● **Given records**:
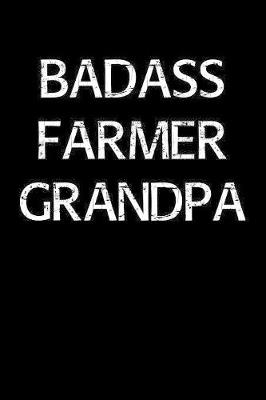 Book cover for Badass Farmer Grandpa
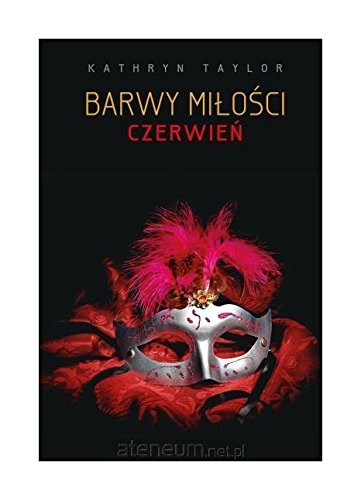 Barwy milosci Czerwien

--

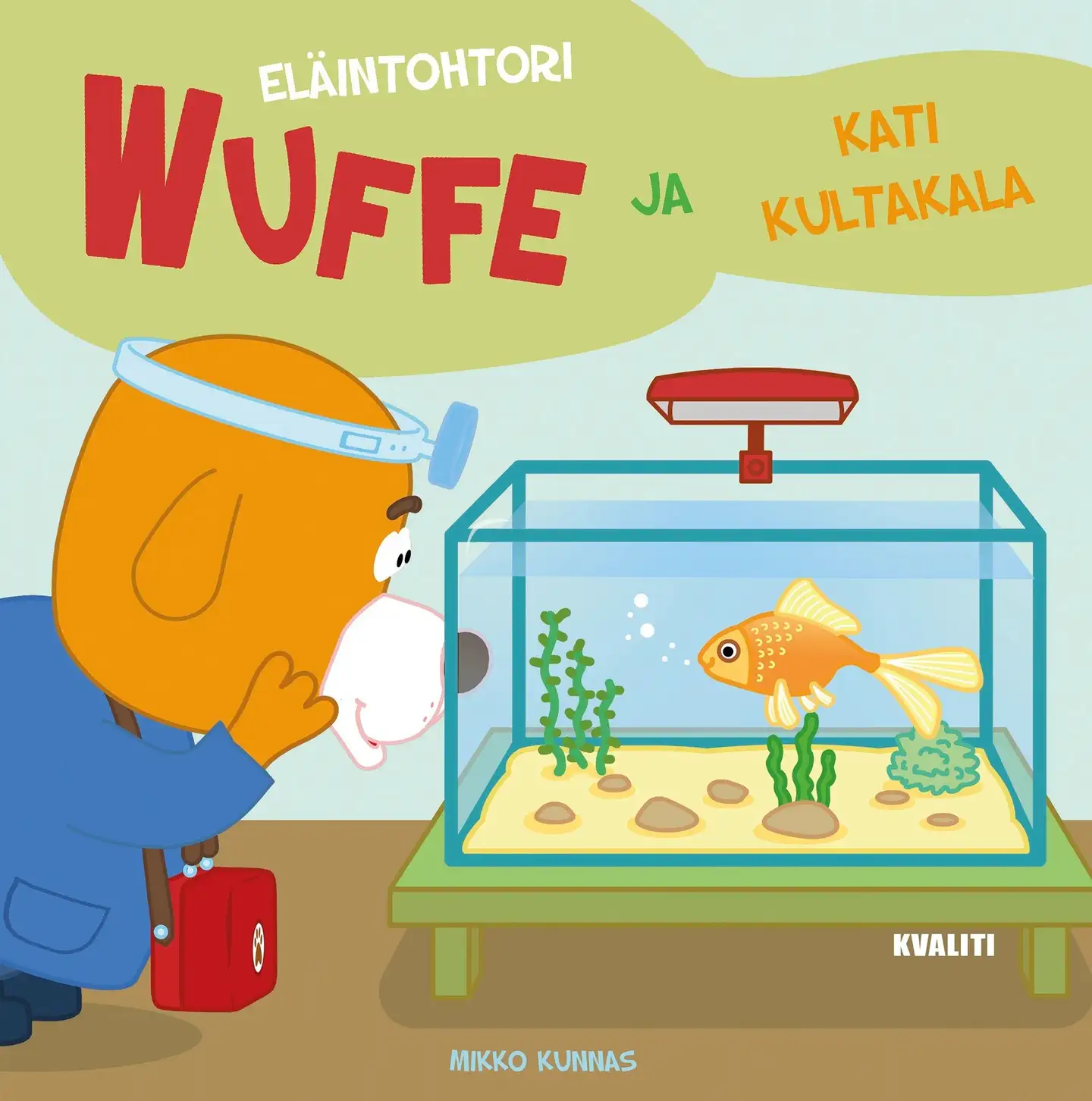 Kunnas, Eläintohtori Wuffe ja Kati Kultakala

...

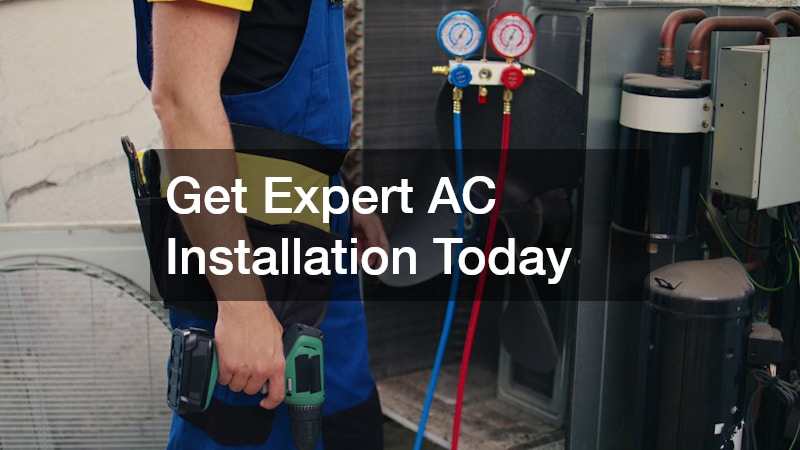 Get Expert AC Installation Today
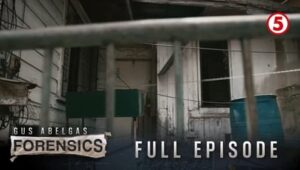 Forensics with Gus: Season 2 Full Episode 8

● **What to do**: Your answer must be everything above from the line with "Get Expert AC Installation Today" down to the line with "Forensics with Gus: Season 2 Full Episode 8", word for word, and no pictures.

● **Solution to this problem**:
 Get Expert AC Installation Today
 Forensics with Gus: Season 2 Full Episode 8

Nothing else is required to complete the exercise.